Model-Free Reinforcement Learning: from Clipped Pseudo-Regret to Sample Complexity
This addresses the sample efficiency challenge in reinforcement learning for researchers and practitioners, offering near-optimal theoretical guarantees, though it is incremental in improving existing bounds.
The paper tackles the problem of learning an ε-optimal policy for discounted Markov Decision Processes, providing a model-free algorithm with sample complexity Õ(SA/(ε²(1-γ)^5.5)) and an improved version for small ε with complexity Õ(SA/(ε²(1-γ)^3)), matching the information-theoretic lower bound up to logarithmic factors.

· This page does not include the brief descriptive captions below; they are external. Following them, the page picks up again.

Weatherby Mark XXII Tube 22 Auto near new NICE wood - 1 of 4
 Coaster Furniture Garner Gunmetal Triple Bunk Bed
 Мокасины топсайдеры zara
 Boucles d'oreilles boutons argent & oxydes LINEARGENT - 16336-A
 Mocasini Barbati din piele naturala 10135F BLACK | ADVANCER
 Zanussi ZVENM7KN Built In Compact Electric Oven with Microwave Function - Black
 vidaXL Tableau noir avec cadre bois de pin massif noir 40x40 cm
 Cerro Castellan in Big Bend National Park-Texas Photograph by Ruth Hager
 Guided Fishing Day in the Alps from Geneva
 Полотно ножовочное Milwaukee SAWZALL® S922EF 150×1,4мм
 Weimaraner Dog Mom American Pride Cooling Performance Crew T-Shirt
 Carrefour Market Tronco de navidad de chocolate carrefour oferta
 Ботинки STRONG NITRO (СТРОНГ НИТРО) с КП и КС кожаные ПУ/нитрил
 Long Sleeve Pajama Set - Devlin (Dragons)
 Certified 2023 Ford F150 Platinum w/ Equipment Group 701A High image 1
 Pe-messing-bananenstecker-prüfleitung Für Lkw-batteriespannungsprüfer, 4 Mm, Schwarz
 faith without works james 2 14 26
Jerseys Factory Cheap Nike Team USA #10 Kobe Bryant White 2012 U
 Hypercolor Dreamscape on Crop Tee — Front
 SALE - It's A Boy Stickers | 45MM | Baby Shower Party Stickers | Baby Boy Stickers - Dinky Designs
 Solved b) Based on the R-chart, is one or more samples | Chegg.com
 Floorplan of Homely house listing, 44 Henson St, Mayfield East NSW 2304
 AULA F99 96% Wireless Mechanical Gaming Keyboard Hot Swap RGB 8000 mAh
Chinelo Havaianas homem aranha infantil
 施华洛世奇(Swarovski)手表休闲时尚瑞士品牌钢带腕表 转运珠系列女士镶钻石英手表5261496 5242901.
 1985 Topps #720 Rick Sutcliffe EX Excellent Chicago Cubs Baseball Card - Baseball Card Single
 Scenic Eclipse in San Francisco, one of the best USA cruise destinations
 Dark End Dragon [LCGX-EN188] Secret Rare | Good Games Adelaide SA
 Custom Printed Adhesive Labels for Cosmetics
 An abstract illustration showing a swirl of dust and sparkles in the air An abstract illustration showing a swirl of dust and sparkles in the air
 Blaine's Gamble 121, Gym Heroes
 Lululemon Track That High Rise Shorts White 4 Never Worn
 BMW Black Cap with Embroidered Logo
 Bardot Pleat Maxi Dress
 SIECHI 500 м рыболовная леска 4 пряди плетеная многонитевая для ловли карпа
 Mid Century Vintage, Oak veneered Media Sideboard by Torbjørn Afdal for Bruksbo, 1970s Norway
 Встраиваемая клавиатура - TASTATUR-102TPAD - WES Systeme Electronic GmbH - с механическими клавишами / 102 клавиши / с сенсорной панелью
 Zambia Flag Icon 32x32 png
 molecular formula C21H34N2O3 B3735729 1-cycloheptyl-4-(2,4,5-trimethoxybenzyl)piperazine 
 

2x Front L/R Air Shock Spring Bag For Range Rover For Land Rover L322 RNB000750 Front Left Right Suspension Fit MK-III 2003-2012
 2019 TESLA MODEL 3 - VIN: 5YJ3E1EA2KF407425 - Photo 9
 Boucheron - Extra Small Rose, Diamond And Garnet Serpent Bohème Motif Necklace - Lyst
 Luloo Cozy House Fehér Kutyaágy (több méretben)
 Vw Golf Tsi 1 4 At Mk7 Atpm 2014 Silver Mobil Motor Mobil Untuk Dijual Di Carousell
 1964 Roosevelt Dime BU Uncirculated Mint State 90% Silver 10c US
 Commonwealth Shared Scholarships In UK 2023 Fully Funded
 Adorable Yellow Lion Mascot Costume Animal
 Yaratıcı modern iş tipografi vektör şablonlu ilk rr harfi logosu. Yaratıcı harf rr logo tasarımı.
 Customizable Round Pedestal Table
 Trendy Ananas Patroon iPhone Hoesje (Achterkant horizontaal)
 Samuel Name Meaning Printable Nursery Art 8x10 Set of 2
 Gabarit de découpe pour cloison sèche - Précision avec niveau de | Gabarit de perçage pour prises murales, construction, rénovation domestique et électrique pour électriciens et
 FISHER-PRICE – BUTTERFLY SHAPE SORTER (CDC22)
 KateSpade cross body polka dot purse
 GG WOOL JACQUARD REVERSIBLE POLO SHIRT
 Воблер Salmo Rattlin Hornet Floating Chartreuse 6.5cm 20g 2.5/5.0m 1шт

In this paper we consider the problem of learning an $ε$-optimal policy for a discounted Markov Decision Process (MDP). Given an MDP with $S$ states, $A$ actions, the discount factor $γ\in (0,1)$, and an approximation threshold $ε> 0$, we provide a model-free algorithm to learn an $ε$-optimal policy with sample complexity $\tilde{O}(\frac{SA\ln(1/p)}{ε^2(1-γ)^{5.5}})$ (where the notation $\tilde{O}(\cdot)$ hides poly-logarithmic factors of $S,A,1/(1-γ)$, and $1/ε$) and success probability $(1-p)$. For small enough $ε$, we show an improved algorithm with sample complexity $\tilde{O}(\frac{SA\ln(1/p)}{ε^2(1-γ)^{3}})$. While the first bound improves upon all known model-free algorithms and model-based ones with tight dependence on $S$, our second algorithm beats all known sample complexity bounds and matches the information theoretic lower bound up to logarithmic factors.